New maestro takes charge

September 17, 1998|By Phil Greenfield | Phil Greenfield,SPECIAL TO THE SUN

They hired the right guy.

That message came through loud and clear at Maryland Hall Friday when Leslie Dunner conducted his first subscription concert since his appointment in the spring as director of the Annapolis Symphony Orchestra.

Dunner conducted a pair of Brahms' firsts, the Symphony No. 1 in C minor and the sprawling Piano Concerto in D minor, the composer's first work in that genre.

The soloist was Peter Orth, a highly respected American who has collaborated with such conductors as Blomstedt, Slatkin, Dutoit and Mehta. He is a pianist of considerable power. Not since Rocky Balboa has a Philadelphian used his left hand to such devastating effect.

The new conductor is a judicious interpreter of Brahms, keeping things in proportion and never letting any aspect of a performance run away with the whole. He coaxed sustained sounds out of his players, but the clarity of those thick, Brahmsian textures was as impressive as their sonic opulence.

Tempos in both works were consistently broad, yet things moved ahead smartly with clear goals in sight. Big moments were suitably big but never out of control.

Dunner's body language might be graceful, even balletic, but he's no show horse. His gestures are tied purposefully to the music in an admirably self-effacing manner.

In short, he came off as a talented, well-prepared, take-charge guy who knew what he was doing.

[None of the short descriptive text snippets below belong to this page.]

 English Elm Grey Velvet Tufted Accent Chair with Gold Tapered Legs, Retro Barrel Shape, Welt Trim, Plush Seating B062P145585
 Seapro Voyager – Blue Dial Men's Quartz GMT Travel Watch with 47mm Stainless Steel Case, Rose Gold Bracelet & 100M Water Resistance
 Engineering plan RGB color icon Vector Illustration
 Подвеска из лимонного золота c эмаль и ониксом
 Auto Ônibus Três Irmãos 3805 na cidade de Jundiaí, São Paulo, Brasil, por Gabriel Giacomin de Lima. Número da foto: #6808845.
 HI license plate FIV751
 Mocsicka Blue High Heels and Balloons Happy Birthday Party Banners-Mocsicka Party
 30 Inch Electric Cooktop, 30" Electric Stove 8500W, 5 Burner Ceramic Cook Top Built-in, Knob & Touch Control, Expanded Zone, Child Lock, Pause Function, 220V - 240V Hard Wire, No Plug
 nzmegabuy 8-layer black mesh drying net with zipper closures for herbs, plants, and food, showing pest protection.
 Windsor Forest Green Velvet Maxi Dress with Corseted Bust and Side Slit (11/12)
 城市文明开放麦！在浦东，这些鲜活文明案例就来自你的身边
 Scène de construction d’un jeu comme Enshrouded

Any disagreements with him were on matters of taste, not on fundamental issues of artistic substance. Dunner's accelerando out of the famous big theme in the last movement of the symphony bugged me because he made no attempt to work gradually into the tempo change over the course of a measure or two. Bang! He was off to the races. It seemed needlessly abrupt.

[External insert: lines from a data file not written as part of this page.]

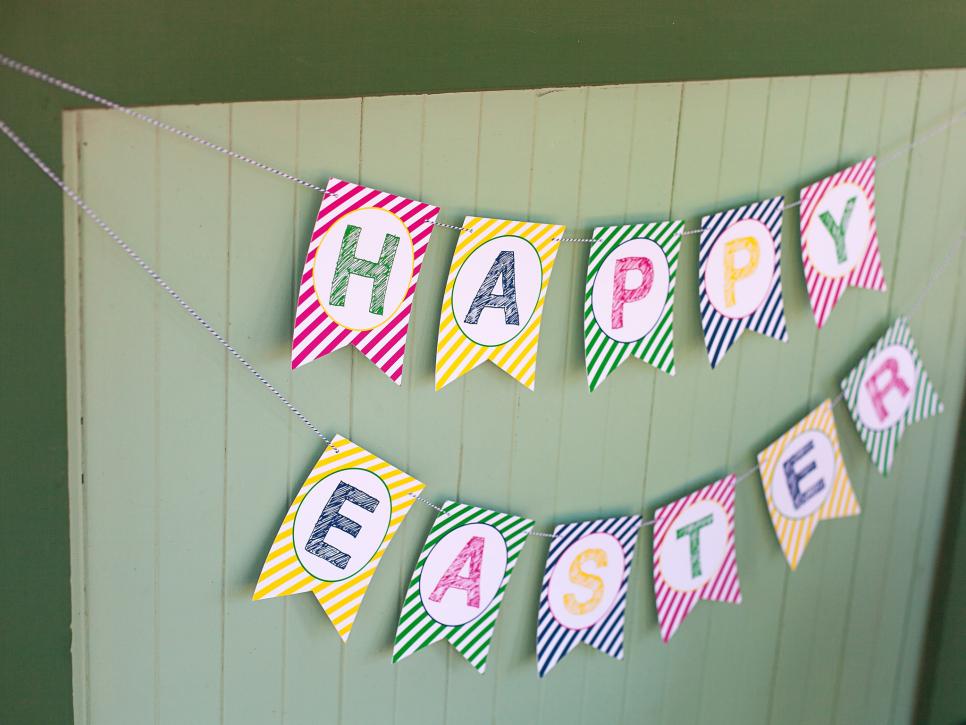 free printable Happy Easter banner 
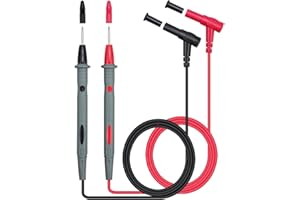 ALLmeter 1 Pair 1000V/10A Multimeter Test Lead Set 1M Heavy Duty Electrical Probes with Non-Slip Rubber Grip and Standard 4mm Banana Plug for Reliable Testing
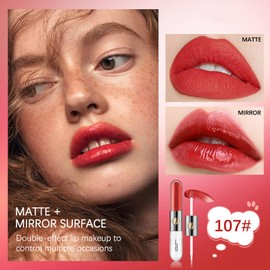 Double Head Matte Lipstick - Matte Lqiuid Lipstick Lip Gloss Moisturizing Nutritious Lip Gloss Set, No-transfer base colour (107#)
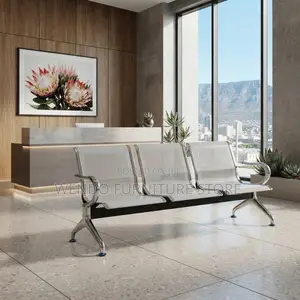Office Benches; Reception Metallic Three Link Modern Benches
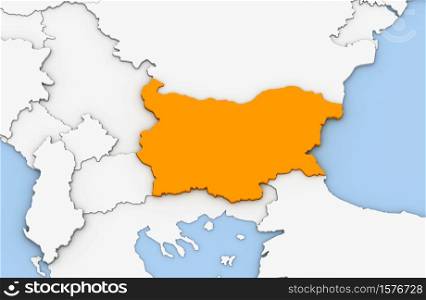 3d render of abstract map of Bulgaria highlighted in orange color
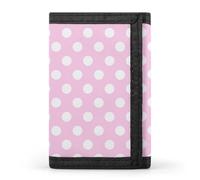 TZTTZT Portefeuille B rose clair imprimé à pois pour homme, petit portefeuille à deux volets pour homme, 8 porte-cartes de crédit, poche avant mince minimaliste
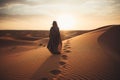 Desert woman sand. Generate Ai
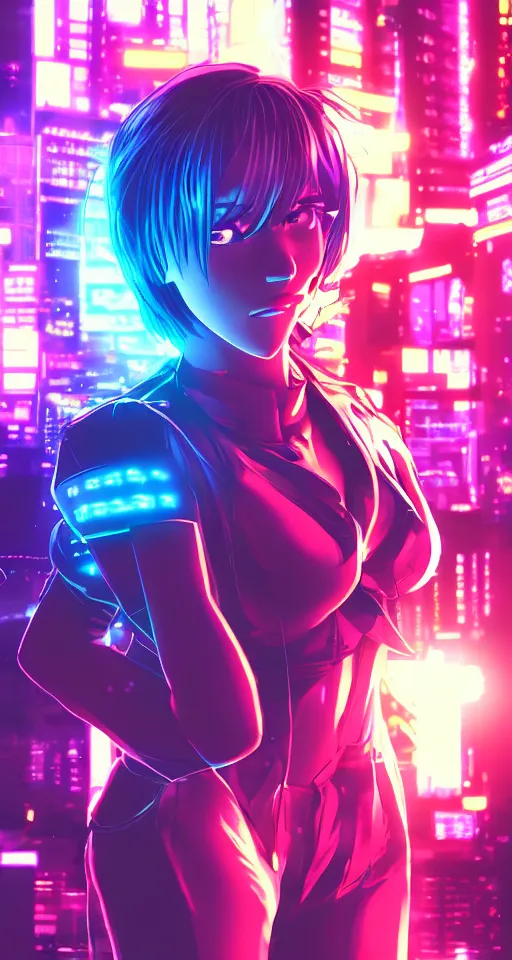 Prompt: anime, cyberpunk women, city, neon lights, glow, retrowave style, sunset,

The concerto also began nervously, with some tentative orchestral playing and a few splats from the soloist.

Still, Mr. Orth was impressive. His tone, though big, is never edgy, and he plays with passion and joy. The slow movement was beautiful, and the Orth-Dunner combo had the finale chugging along with its Brahmsian gravity and grace working in tandem.

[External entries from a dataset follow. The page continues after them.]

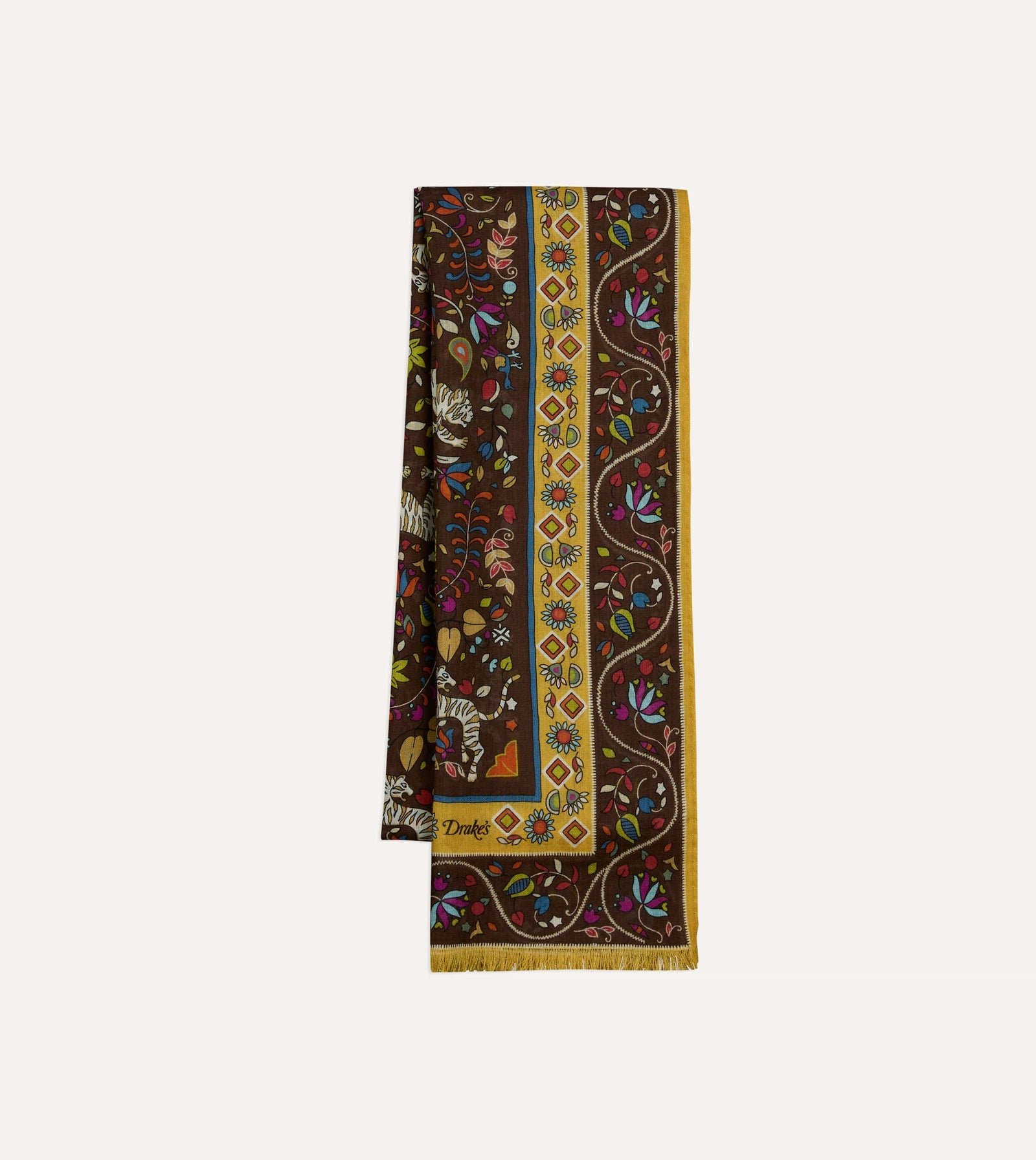 Tiger Garden Print Wool Silk Scarf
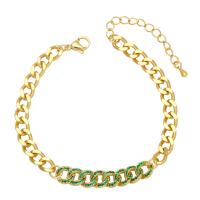 Cubic Zirconia Micro Pave Brass Bracelet, with 1.97 extender chain, gold color plated, Unisex & micro pave cubic zirconia .51 Inch 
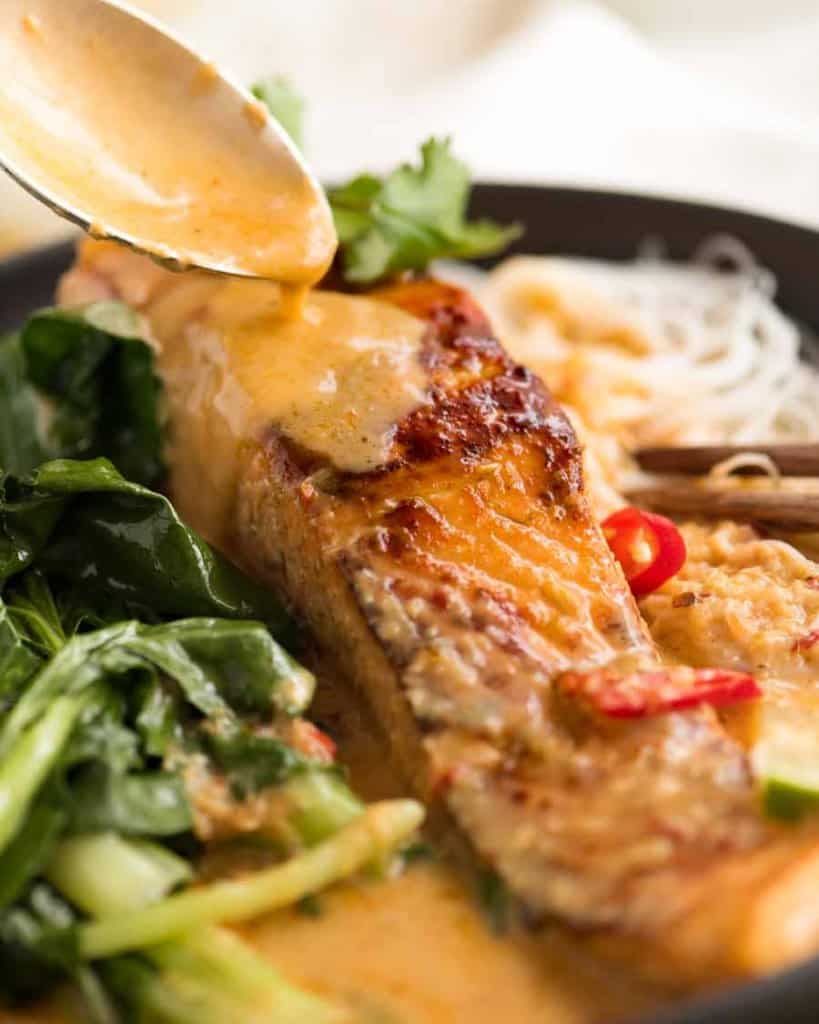 POACHED SALMON IN COCONUT LIME SAUCE Healthy Food Recipes Delicious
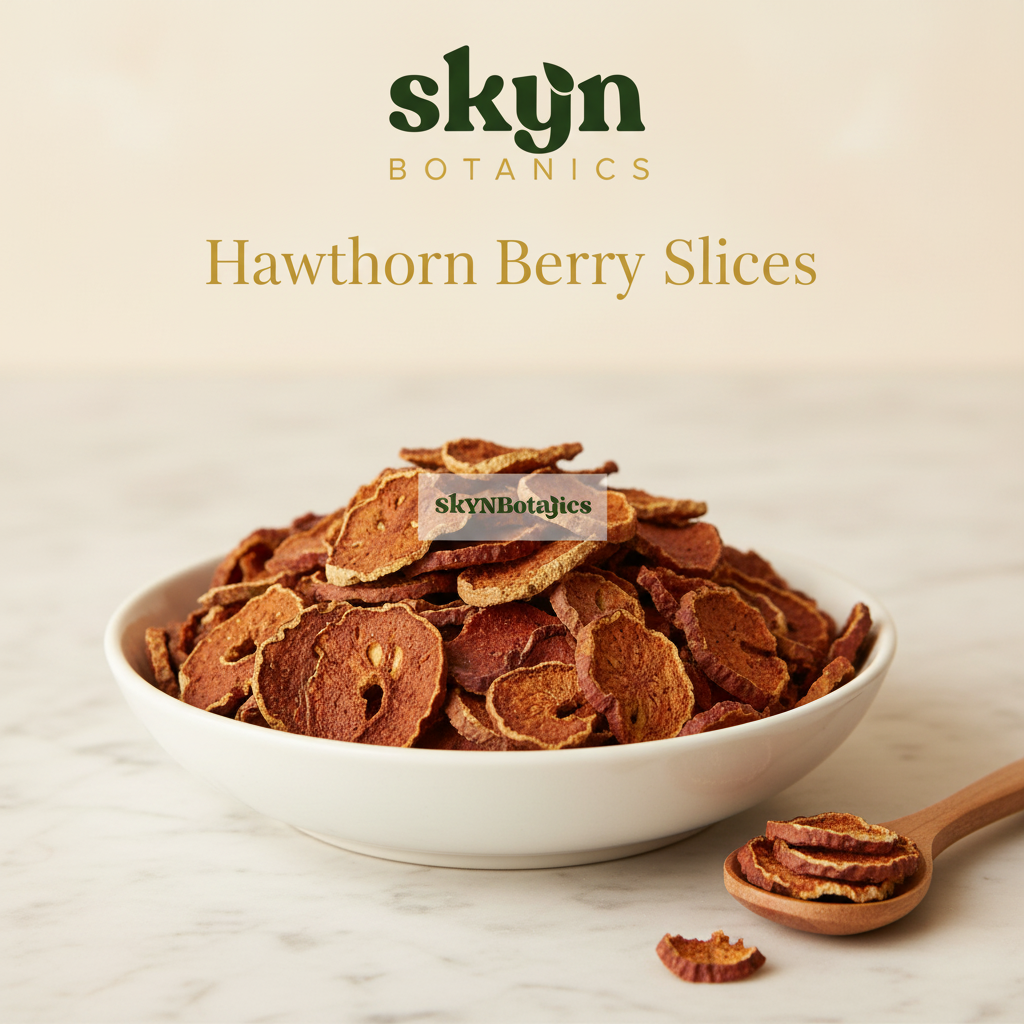 SKYNBotanics Premium Hawthorn Berry Slices - dried edible berries for heart health and herbal tea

At times, the orchestra sounded small for Brahms, whose sweeping sonorities demand such a plump sound. The cellos were the prime offenders. They are short of players and in desperate need of leadership. They haven't been up to snuff since former principal Suzanne Orban departed a couple of years back.

Elsewhere, there was much to admire. Concertmaster Philip Spletzer's solo playing might have been a little hot for the delicate Allegretto of the symphony, but he is a gifted fiddler who adds much to the orchestra.

There was excellent work from the trombone section and from the solo flute, clarinet and horn. Also, principal oboist Fatma Daglar was terrific.